Дрова сгорели, а он все не приезжал. Или она слишком спешила? Уже другие четырнадцать дней были заштрихованы на перевернутом листе, а его все не было и не было. Настала зима.
Поезд приходил поздно вечером, она вслушивалась в его колеса, гулкие дощатые тротуары поселка долго разносили сухое морозное эхо шагов идущих со станции, и Лида все прислушивалась к ним, пытаясь различить среди них единственные. Иногда, проснувшись ночью, вскакивала, торопливо одевалась, выбегала на крыльцо. Туманная продрогшая луна бежала среди туч, одиноко в небе поскрипывал журавль, стыла в колодце вода. Постояв на крыльце, Лида возвращалась домой и крепко засыпала, отложив мечту до утра.

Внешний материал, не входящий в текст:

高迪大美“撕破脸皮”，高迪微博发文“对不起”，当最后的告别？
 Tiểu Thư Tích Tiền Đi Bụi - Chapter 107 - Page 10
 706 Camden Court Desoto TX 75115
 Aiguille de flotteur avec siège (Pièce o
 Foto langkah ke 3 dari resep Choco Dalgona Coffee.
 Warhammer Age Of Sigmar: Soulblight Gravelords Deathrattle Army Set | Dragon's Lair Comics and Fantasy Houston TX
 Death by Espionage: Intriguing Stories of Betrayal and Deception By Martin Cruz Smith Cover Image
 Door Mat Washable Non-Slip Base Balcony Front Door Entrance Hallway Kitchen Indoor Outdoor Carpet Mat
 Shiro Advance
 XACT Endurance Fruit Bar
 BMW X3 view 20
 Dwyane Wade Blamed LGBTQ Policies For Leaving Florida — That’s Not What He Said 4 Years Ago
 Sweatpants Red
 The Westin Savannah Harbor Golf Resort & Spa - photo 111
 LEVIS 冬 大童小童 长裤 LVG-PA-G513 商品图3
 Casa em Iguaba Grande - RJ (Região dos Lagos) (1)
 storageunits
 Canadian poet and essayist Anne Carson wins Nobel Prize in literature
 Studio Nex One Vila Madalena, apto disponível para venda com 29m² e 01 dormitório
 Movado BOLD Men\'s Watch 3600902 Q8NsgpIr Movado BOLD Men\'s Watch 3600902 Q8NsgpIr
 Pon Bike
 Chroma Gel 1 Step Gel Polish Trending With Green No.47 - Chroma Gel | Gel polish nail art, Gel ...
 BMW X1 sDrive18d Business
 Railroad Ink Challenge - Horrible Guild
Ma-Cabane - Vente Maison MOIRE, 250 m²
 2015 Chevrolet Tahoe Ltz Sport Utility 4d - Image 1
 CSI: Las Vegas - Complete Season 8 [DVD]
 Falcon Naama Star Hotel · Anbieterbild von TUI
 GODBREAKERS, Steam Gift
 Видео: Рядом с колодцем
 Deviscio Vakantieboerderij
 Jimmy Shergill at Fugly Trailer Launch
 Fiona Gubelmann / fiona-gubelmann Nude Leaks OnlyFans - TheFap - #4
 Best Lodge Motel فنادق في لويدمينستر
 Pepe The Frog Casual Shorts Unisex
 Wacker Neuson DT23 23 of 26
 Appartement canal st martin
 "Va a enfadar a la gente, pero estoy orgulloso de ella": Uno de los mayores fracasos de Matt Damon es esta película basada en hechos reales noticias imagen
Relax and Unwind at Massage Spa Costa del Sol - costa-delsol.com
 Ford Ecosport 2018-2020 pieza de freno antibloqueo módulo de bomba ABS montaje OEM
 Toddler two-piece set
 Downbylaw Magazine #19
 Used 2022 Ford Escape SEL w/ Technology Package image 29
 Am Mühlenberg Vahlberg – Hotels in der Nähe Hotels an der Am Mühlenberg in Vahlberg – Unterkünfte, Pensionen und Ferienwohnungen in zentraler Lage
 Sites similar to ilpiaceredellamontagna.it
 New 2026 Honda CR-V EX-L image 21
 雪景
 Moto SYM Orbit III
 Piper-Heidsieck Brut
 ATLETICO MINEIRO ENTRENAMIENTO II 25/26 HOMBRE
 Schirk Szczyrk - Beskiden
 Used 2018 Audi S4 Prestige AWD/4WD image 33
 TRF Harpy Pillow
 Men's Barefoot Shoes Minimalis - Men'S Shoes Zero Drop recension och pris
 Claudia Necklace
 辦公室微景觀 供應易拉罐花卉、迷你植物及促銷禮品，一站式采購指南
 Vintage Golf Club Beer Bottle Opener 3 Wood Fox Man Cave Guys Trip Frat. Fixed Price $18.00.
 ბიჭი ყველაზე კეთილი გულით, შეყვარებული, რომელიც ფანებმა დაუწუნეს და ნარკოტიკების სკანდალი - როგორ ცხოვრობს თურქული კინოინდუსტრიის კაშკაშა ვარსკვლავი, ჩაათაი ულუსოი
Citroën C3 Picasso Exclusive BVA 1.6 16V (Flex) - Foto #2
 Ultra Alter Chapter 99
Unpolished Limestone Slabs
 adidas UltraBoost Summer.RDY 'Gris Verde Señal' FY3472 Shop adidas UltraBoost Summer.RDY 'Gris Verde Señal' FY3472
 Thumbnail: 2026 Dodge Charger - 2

Утром, идя в школу, забегала в общежитие к знакомым девчонкам и оставляла им ключ от своей избы. Помявшись, говорила:
— Если приедет Степа…
Вначале они смеялись над ней, грубо шутили, потом просто опускали глаза и брали ключ. Все они были разведенные, брошенные или просто отведавшие суровой северной любви женщины, знавшие ее короткое лето.
Кутаясь в шарф, она стояла возле печи в классе, грела руки и диктовала малышам диктант: «Степан колол дрова. Он был ловкий и сильный». И, подумав немного, добавляла: «Он уехал. Он не приедет больше никогда». Дети чистенько писали в своих тетрадках, серьезно глядели на нее, ожидая следующего предложения, и, казалось, понимали все.
Каждый вечер, придя из школы, мучилась с дровами: тяжелый, обындевевший по рукоять колун перетягивал ее, как пушинку, и она едва отрывала его от земли. Набрав охапку щепок, бежала домой и растапливала печь. Иногда ей помогала с дровами соседка Паша, работавшая на станции крановщицей и помнившая Степана. Приходил помогать и школьный сторож Яков Фомич, но у него получалось, кажется, еще меньше, чем у Лиды: грузный, одышливый, он подолгу отдыхал на чурбаке, дымя махоркой, положив на снег рукавицы, из которых шел пар…
Письма, которые писала Лида каждый день, оставались без ответа. Холодными зимними вечерами, перечитав и передумав все мыслимое, она садилась за тетрадки. Среди стопок голубых и зеленых тетрадей были и ее, Лиды, «ученицы 2-го класса Лиды Черновол». Так она спасалась от своей любви, училась вместе с детьми. Она завела себе тетрадки по всем предметам, учила таблицу умножения, задавала себе и аккуратно выполняла задания, ставила отметки. Ей нравилось возвращаться в прошлое, совсем, казалось, недавнее, когда она была такой же, как эти малыши, и ничего еще не знала, даже Иштвана. Задав урок детям, она присаживалась как бы невзначай рядом с какой-нибудь умненькой, в бантиках и нарукавниках, девочкой — и, наверное, почти ничем не отличалась от нее, так была хрупка и бледна. Как ей хотелось опять не учить, а учиться, сидеть рядом с этой прилежной девочкой, поеживаться от чистоты и крахмальных бантов, быть по утрам заплетаемой мамой, помнить твердо урок, ждать, когда вызовут к доске! Главное, она совсем не чувствовала, что она из другого, чем эти дети, мира — и дети, казалось, тоже принимали ее в свой.